Opinião

Literatura | Amadeo

30 mai 2020 20:00

Tanto se tem comparado esta vaga do coronavírus com a Pneumónica que assolou o mundo em finais da Grande Guerra (1918) que me deu para ler o livro Amadeo, biografia romanceada por Mário Cláudio em 1984, do pintor modernista Amadeo de Souza-Cardoso, que aos 30 anos, morreu vítima dessa gripe

Sabe quem já o fez que não é fácil ler Mário Cláudio dado o intrincado da intriga e da arquitetura dos seus romances, para além da sua rebuscada sintaxe latinizante e do vocabulário a roçar o gongórico. O próprio assume-se como barroco – um barroco moderno. Não o é também Agustina? E Aquilino?

O leitor entra, de chofre, na Casa. A Casa de Manhufe na qual Amadeo passa a sua despreocupada infância de menino abastado. (Sabemos como é determinante na literatura portuguesa a instituição Casa – centro irradiante e monopolizador dos enredos, das personagens, do tempo. Lembremos Eça, Carlos de Oliveira, José Régio, Cardoso-Pires, Agustina e outros). Em Amadeo regista-se a mesma marca. É na Casa que o pintor absorve tudo o que vai definir a sua arte; é à Casa que ele regressa ciclicamente para as festividades do ano; é à Casa que ele retorna, com a sua companheira Lucie, a fugir da Guerra.

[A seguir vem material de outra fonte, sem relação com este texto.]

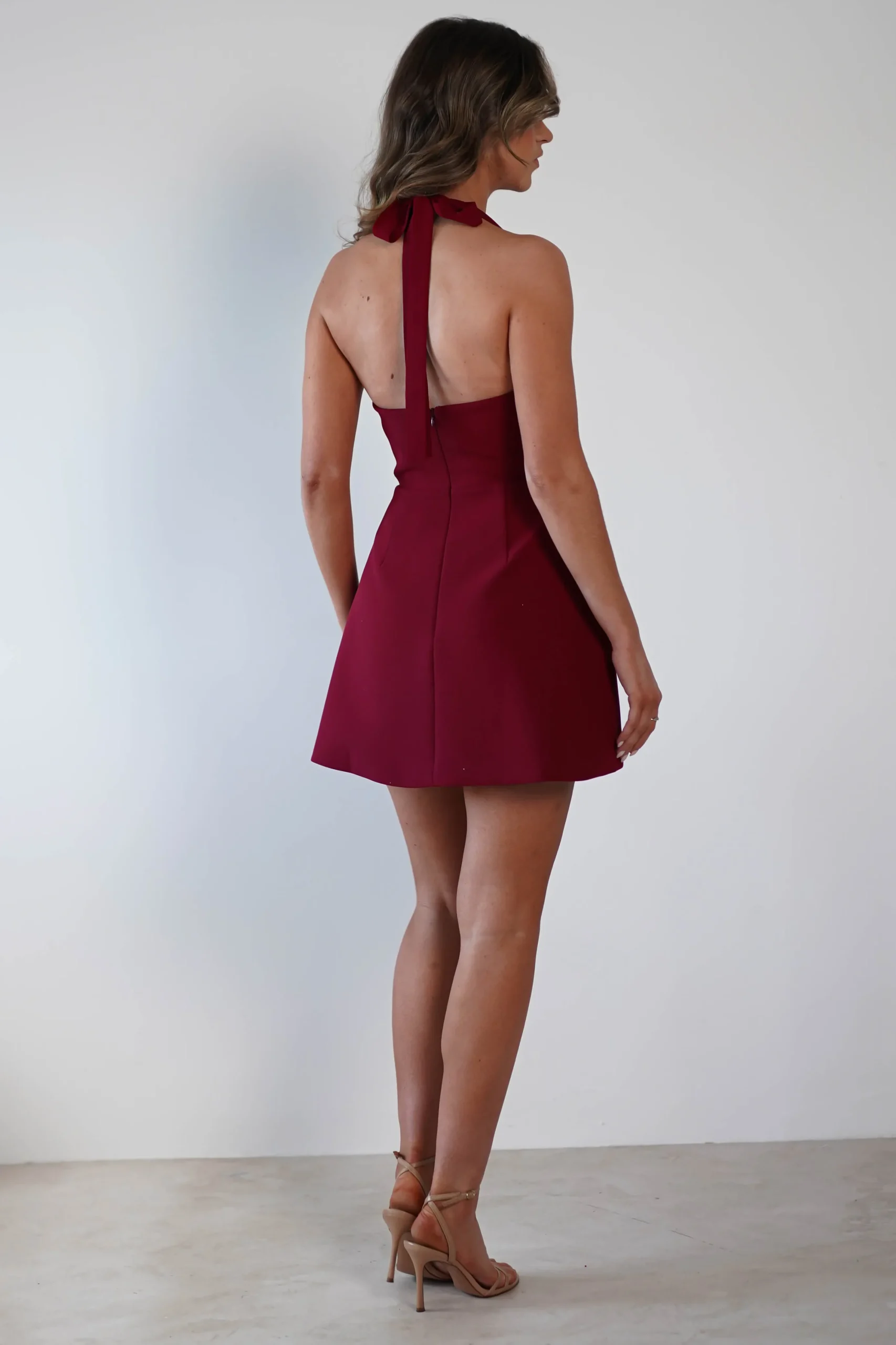 Morocco Halterneck Mini Dress | Wine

O romance é apresentado em forma de diário entre 1980 e 81 de alguém, o narrador – que só muito mais além na narrativa ficamos a saber chamar-se Frederico que vai referindo um amigo Álvaro, o qual só bem no fim da história ficamos a saber quem é. O tio do narrador, Papi, esforça-se por escrever sobre a vida do pintor amarantino, embora lhe esteja a ser bastante custoso. Papi tenta “farejar” a vida e o íntimo de Amadeo deslocando-se a Manhufe, a Paris-Montparnasse – onde aquele viveu a sua séria juventude, pintou, amou e se deu com toda a elite cultural europeia que se estava formando na Cidade-Luz, no início do século XX. Mas está tudo tão mudado… e, dificilmente, Papi consegue dar uma linha de harmonia ao seu escrito.

Ficamos a saber, pelas entradas diarísticas de Frederico o que vai ouvindo ao tio: que Amadeo não gostou de Coimbra, nem de Lisboa e, ao Porto, só ia para se munir de materiais de pintura. Vamos descobrindo que era bom observador da natureza, das cores, dos cheiros, organizadíssimo, voluntarioso e atlético, algo snob, algo boémio, visionário, diligente trabalhador. Mas toda esta informação apenas é passada ao leitor a partir das sensitivas descrições e das reflexões do narrador – seja ele quem for. Dizia Verlaine, «o entrecruzamento de vozes narrantes tudo configura especulação, logo, literatura.» E é o que se pode dizer deste livro de leitura nada fácil: é um bom pedaço de literatura.

Depois foi o inferno da pneumónica atacando a partir de Gaia. O desnorte! A família refugia-se em Espinho acreditando nos benfazejos ares do mar. O brutal pânico de Amadeo que vê morrer os outros e sabe que também vai morrer. «A morte leva-o em três dias. (…) Entra o padre, como se impõe, (…) intimará Amadeo, articulando a custo a frase, «Faça depressa ao que vem!» A garganta é um nó de cortiça, por onde se desce a um inferno temporário… e até se esvair, vai golfando, golfando…».